_Problem to solve_:
In the records below, find the line with "Young brunette woman, model" and the line with "A pair of emerald and diamond earrings". Print both exactly, along with every line between them, and no other line.

_Exercise inputs_:
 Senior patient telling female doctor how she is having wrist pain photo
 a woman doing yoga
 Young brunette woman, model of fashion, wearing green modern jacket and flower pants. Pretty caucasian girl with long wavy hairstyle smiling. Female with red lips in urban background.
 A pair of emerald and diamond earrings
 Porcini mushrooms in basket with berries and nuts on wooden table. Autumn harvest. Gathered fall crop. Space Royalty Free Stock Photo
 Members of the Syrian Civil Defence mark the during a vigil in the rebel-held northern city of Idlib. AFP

_Exercise answer_:
 Young brunette woman, model of fashion, wearing green modern jacket and flower pants. Pretty caucasian girl with long wavy hairstyle smiling. Female with red lips in urban background.
 A pair of emerald and diamond earrings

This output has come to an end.